# 2 kegs



## davidmcg (Mar 17, 2010)

I recently came into possession of 2 kegs, both of which have cracked valve necks.  Anybody ever converted one into a smoker?


----------



## speedtona (Mar 17, 2010)

I made a little spit out of one,it works a treat


----------



## davidmcg (Mar 18, 2010)

Wow, I thought the aluminum would be thicker than that.  Well at least all you have to do is wash them with some soap and water and don't have to bother with burning them out.


----------



## smokingohiobutcher (Mar 18, 2010)

I used one to make the smoke generator for my smoker.

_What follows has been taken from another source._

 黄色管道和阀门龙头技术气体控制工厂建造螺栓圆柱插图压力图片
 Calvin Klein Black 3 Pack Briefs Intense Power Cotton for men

The aluminum isnt very thick but it is very strong! 














SOB


----------



## aeroforce100 (Mar 18, 2010)

Homebrewers are going to have a fit when they see what you have done to those kegs.

I believe that the kegs are 304 Stainless, not aluminum.  Aluminum kegs are much thicker.

Either sell them on EBay approx $45.00 each plus shipping, OR cut the tops out, and have a boiling pot/turkey fryer.


----------



## speedtona (Mar 18, 2010)

Yes the are stainless steel not alloy


----------



## davidmcg (Mar 19, 2010)

Update on this, the kegs I got are stainless.  Also, they were free just sitting in my neighbors junk pile.  Gonna make mini-UDS's out of them and give them to my boys.


----------



## waysideranch (Mar 19, 2010)

Please send me a pic when ur finished.  Thanks.


----------